- _Provided data_:
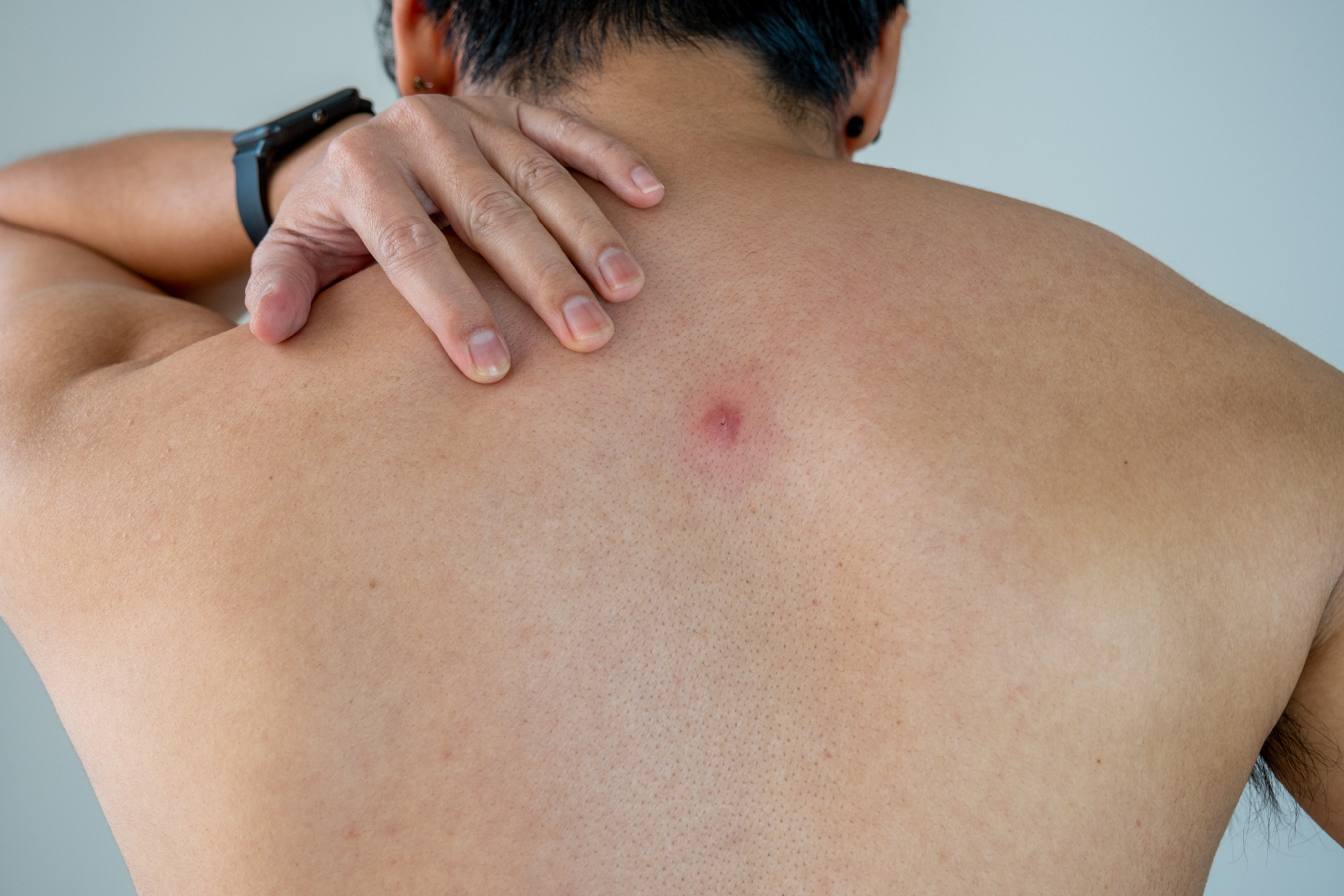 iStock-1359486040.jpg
...
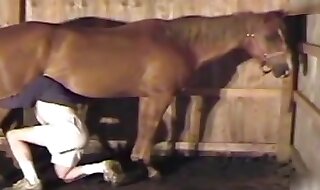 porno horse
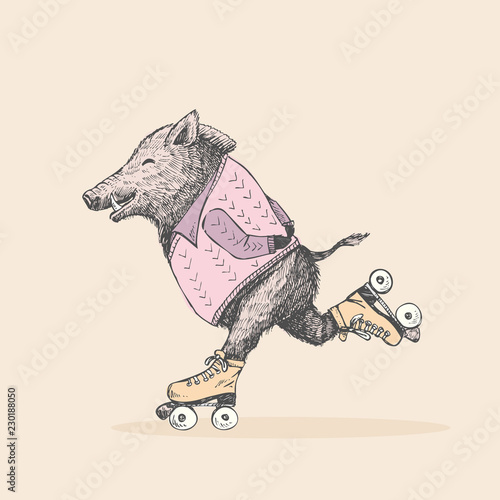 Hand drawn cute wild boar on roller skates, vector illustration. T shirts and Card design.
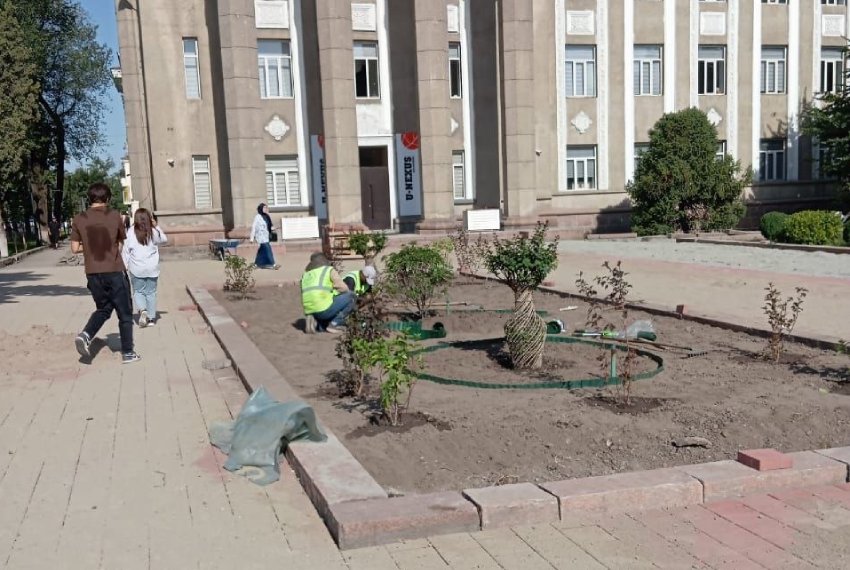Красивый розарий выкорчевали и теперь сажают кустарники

- _Task to complete_: All lines above starting at the one with "Hand drawn cute" and ending at the one with "Красивый розарий выкорчевали", inclusive, are to be printed again exactly, with the pictures left out.

- _Written solution_:
 Hand drawn cute wild boar on roller skates, vector illustration. T shirts and Card design.
Красивый розарий выкорчевали и теперь сажают кустарники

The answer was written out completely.